Jonathan M Davis newsgroup.d at jmdavisprog.com
Sun Oct 28 05:11:06 UTC 2018


On Saturday, October 27, 2018 10:38:53 PM MDT unprotected-entity via 
Digitalmars-d wrote:
> On Saturday, 27 October 2018 at 18:06:36 UTC, Atila Neves wrote:
> > On Saturday, 27 October 2018 at 15:24:19 UTC,
> >
> > unprotected-entity wrote:
> >> On Saturday, 27 October 2018 at 14:20:10 UTC, Steven
> >>
> >> Schveighoffer wrote:
> >>> If b didn't have an `x` in it, then how would this work?
> >>
> >> Only in D, does b have x in it.
> >>
> >> In C++, Java and C#, b does *not* have x in it.
> >
> > It might be that you're confusing "have" to mean "has access".
> > In other languages b doesn't have access to x, but it most
> > definitely has an x inside of it.
>
> In C++/Java/C#, x is private to C, as you would expect, since it
> was declared private to C.
>
> In D, it's not private to C, or anything else in the same module.
>
> I know the reasoning behind this, but it's just awful, and
> invites bugs into your code.
>
> oh... so you accidently typed b.x++ in main().. or someother code
> outside of the class), instead of b.increment() ...well...to bad.
>
> Yes.. it's an old discussion, I know..but an unprotected entity
> is a useless programming construct, and will invite bugs into
> your program.

LOL. I have no clue how you just accidentally use a member variable.
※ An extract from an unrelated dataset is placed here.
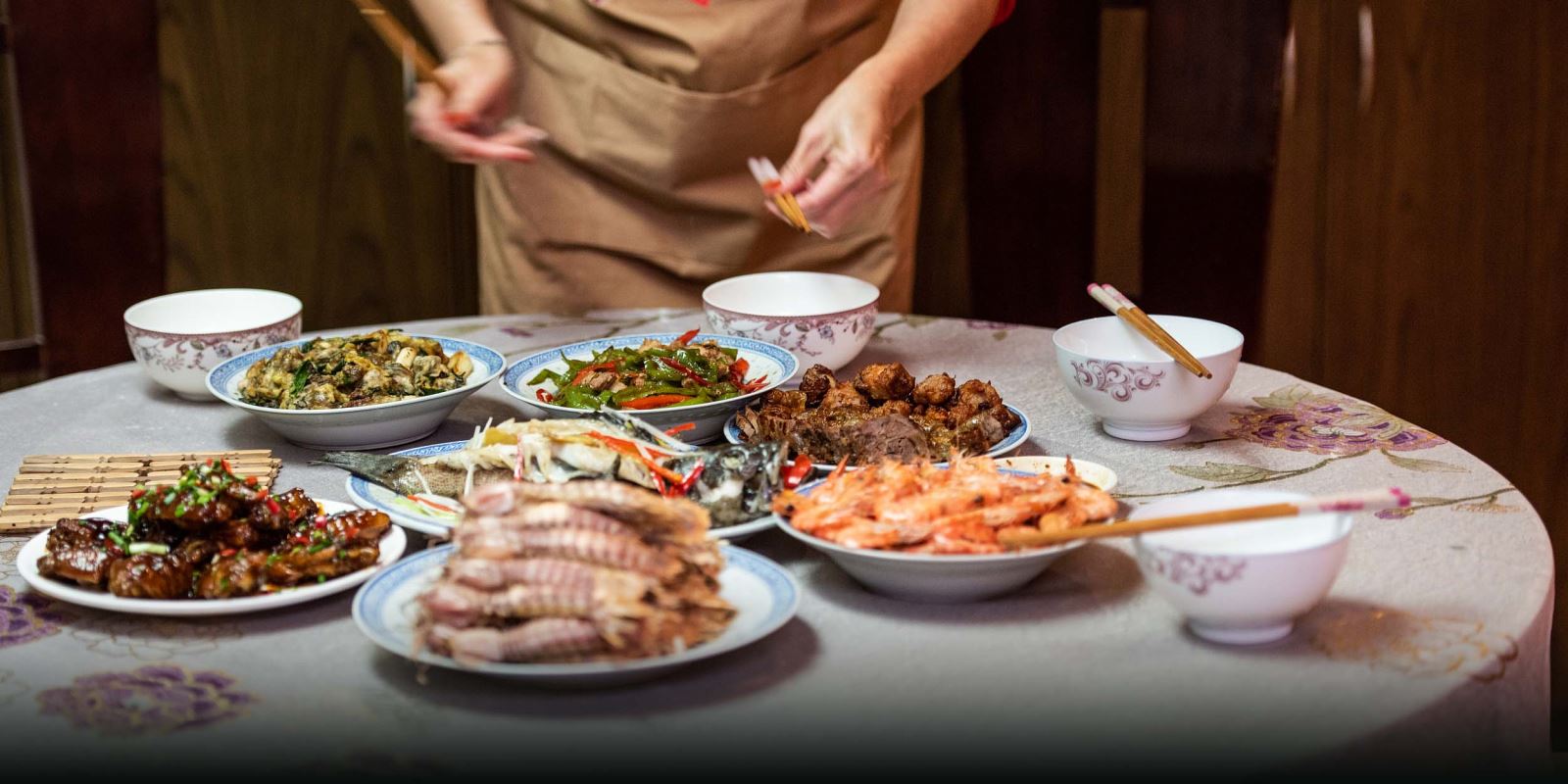 Đem theo 3,5 tỷ lên sống cùng con gái, ông lão ngày nào cũng phải ăn bắp cải, cho đến khi cháu gái buột miệng nói điều này- Ảnh 2.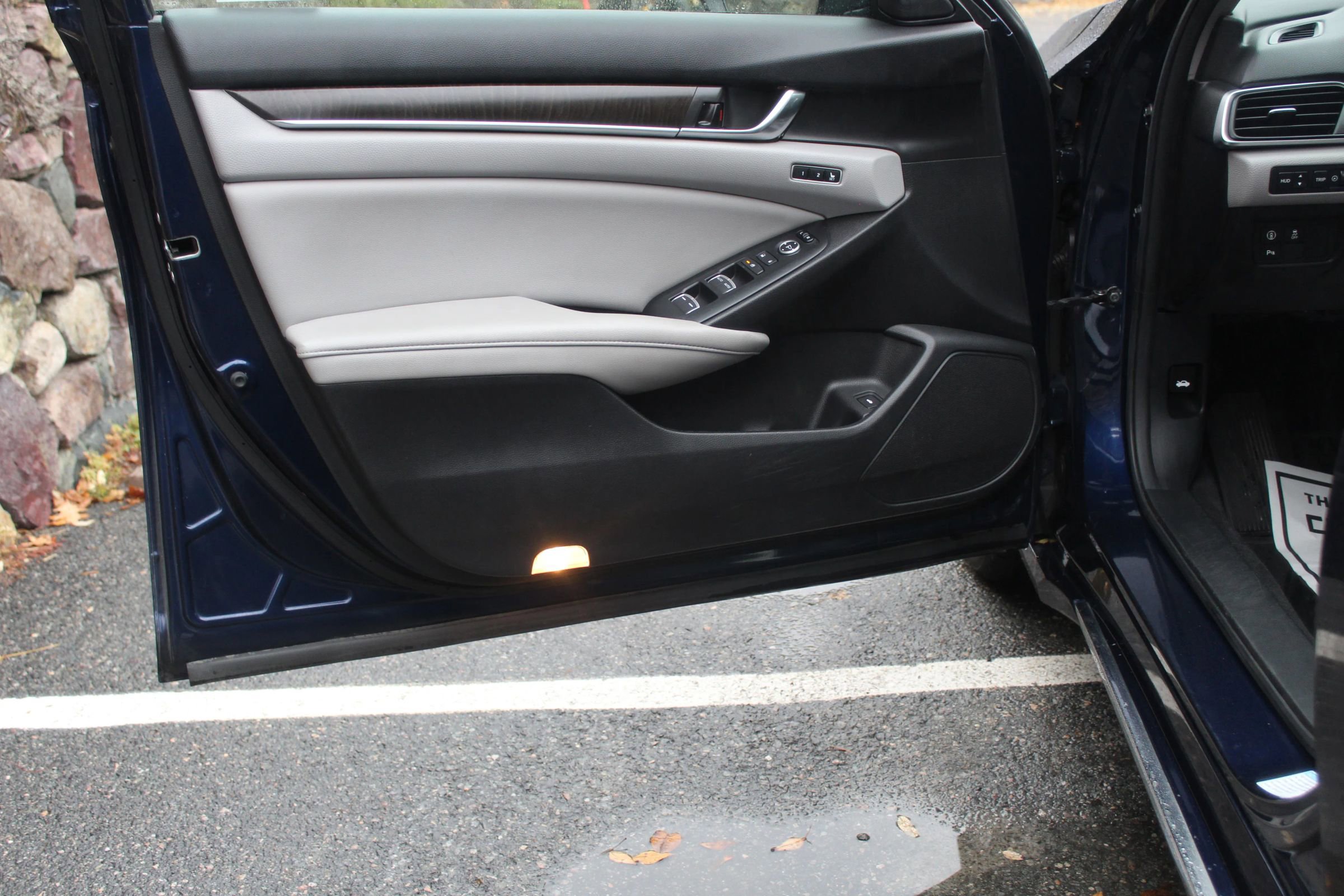 Used 2019 Honda Accord Touring image 12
But if
that's a concern, it's exactly the same concern that you would have in C++
or Java from within a functions inside a class that you don't want accessing
a particular member variable. D just puts the demarcation line at the module
instead of the class. It doesn't really change much ultimately in terms of
needing to being aware of what is supposed to be accessed where for anything
that has access. And if you want to further restrict access, then put
classes in their own modules. Problem solved. Some of the languages that
define private the way that some folks want already require that anyway.
Honestly, I have _never_ seen a bug caused by the fact that D makes private
restrict access to the module level and not the class or struct level. From
everything I've seen, this is entirely an issue of people not liking the
idea and not something that's an actual problem in practice.